Would a national identity card provide better security than what you can buy in Times Square? Oracle's Larry Ellison and civil liberties lawyer Alan Dershowitz, among others, think so. But even if such an ID were harder to obtain, surely it would not be very difficult for a determined criminal. Aren't sufficiently authentic-looking passports, drivers licenses, and currency in circulation today?
The insecure security systems I encountered in New York City had everything to do with guards who had no particular thing they were charged to look for, and the inevitable boredom and laxity of doing the same thing all day.
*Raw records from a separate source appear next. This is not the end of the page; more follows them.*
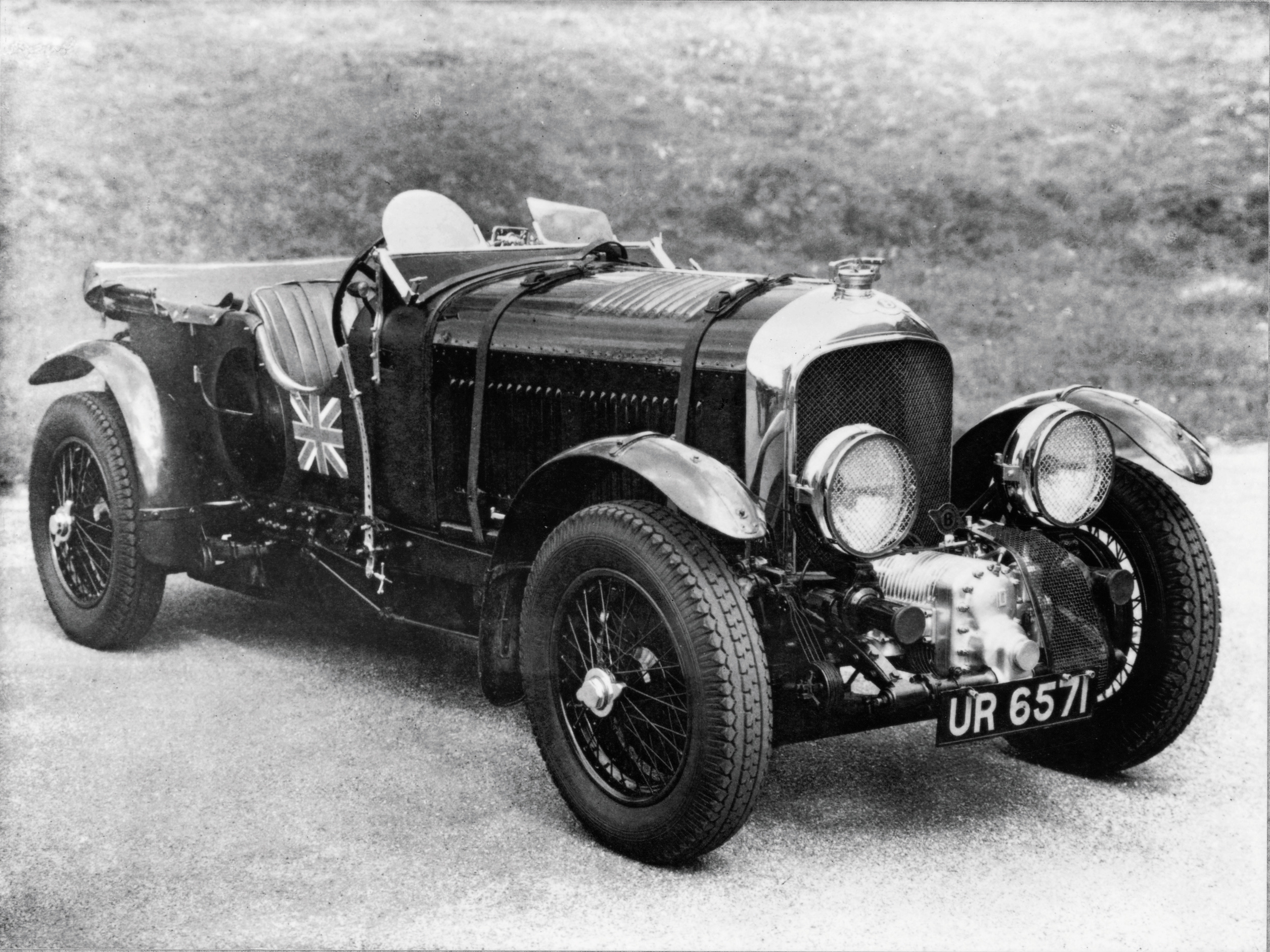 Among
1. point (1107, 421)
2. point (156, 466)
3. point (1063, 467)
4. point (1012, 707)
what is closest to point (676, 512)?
Result: point (1012, 707)

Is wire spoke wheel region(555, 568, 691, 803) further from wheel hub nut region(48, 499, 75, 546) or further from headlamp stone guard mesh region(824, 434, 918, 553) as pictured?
wheel hub nut region(48, 499, 75, 546)

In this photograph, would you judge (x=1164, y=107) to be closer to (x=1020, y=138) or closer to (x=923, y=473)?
(x=1020, y=138)

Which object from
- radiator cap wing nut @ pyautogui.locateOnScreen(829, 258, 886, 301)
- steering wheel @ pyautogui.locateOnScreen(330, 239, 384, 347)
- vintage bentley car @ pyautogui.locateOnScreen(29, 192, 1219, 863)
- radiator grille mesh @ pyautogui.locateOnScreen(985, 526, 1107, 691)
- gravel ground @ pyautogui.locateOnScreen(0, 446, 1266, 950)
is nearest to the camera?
gravel ground @ pyautogui.locateOnScreen(0, 446, 1266, 950)

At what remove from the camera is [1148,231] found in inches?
437

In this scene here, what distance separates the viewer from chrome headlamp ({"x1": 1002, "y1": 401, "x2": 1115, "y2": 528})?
4.08 metres

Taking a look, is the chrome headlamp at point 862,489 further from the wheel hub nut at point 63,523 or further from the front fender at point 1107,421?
the wheel hub nut at point 63,523

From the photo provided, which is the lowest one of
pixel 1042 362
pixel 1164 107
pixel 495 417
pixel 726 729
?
pixel 1042 362

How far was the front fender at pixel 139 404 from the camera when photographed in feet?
17.9

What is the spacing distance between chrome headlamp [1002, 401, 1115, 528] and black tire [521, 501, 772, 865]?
3.43 feet

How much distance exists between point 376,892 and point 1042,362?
26.0 ft

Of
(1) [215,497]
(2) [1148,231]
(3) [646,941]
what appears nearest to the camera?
(3) [646,941]

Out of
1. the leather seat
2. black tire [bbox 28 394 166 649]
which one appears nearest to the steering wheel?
the leather seat

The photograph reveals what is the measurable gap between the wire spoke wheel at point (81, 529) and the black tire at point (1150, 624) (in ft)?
11.9

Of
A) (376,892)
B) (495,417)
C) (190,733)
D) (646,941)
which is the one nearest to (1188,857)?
(646,941) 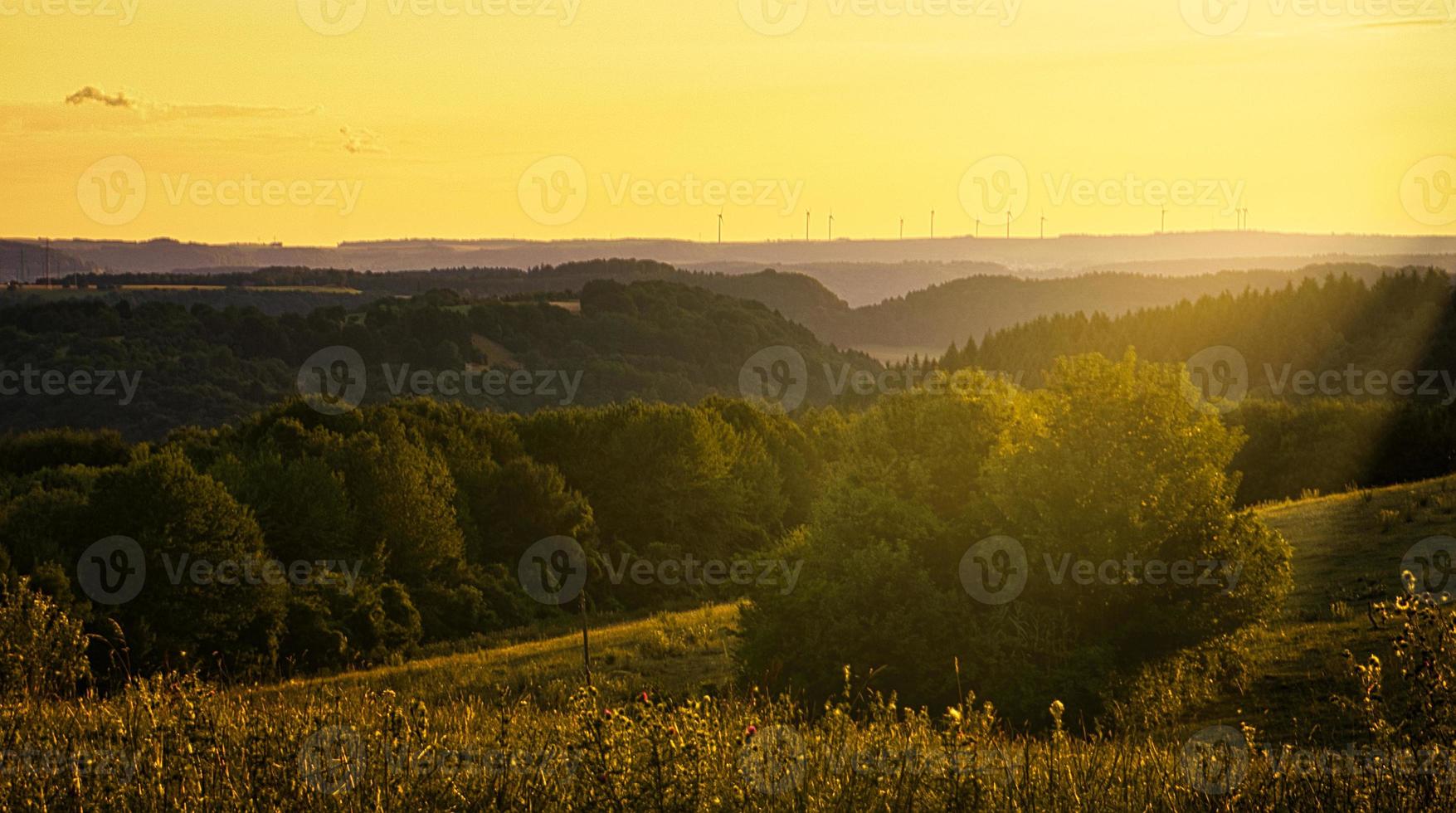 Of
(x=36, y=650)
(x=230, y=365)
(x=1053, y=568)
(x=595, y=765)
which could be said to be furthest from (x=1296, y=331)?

George Washington University Law School professor Jeffrey Rosen, in an October article in The New York Times, reported the same thing in an examination of street camera surveillance systems in London.
By creating a single system of identification, especially one that doesn’t require alertness, we risk reducing security, not increasing it. Once one has a card, one easily gets through doors that might otherwise be blocked. No one can look at cards for four hours straight and continue to examine them closely. My card described a husky short black-haired individual, all fine qualities, none of which are mine.
If what is needed is a card that reliably connects a name to a photo, that card need not be a national ID. What could serve that purpose are simple federal guidelines for drivers licenses, to ensure that some of the same information was on all of them, and that they were all photo IDs (my New Jersey license, for example, is not). Such guidelines have been proposed for some time now. (And many states already permit nondrivers to receive a license-like ID card through their motor vehicle departments.)
ID cards and ID systems
The national ID card that database manufacturer Larry Ellison wants is only the front end to a national ID system that has a database behind the card. The card connects a picture and physical description (such as race, age, height) to a name, and both are then connected to a unique identifier, such as a fingerprint or iris scan. The database requires a unique number, such as a social security number, and it’s inevitable that it appear on the card as well–every proposal for a national ID card has included one.
The problems and temptations involving such a project are great. The database itself is a sitting duck for careless or greedy clerks, even in the unlikely event it could resist hacker attacks. More and more information will get aggregated–surely the medical community will want our known allergies added and emergency contact information as well. Credit and other financial agencies will use the unique number to improve their databases. Everyone from supermarkets to magazine subscription agencies will join in. Why allow a convicted pedophile to enter a children’s museum? Why allow a parent who is behind on child-support payments to buy $90 theatre tickets?
The potential usefulness of such a system will be irresistible. Europeans, with genuine and effective privacy protections, are, perhaps, immune to such charms. But the relentlessly efficient U.S. marketplace has wanted for 40 years to eliminate the information friction that privacy laws are designed to instill.
Alan Dershowitz suggests that the card can be voluntary. Such a card would be voluntary, though, only in what we might call the Robert Crandall sense of the term. Crandall, the retired chairman of American Airlines, recently suggested that air travelers use a "smart card," which would be obtained only after an extensive background check. "If somebody says, 'I don't want you to be able to have my fingerprints,’ " he said, "that's not a problem, you don't have to do that. But you can't fly."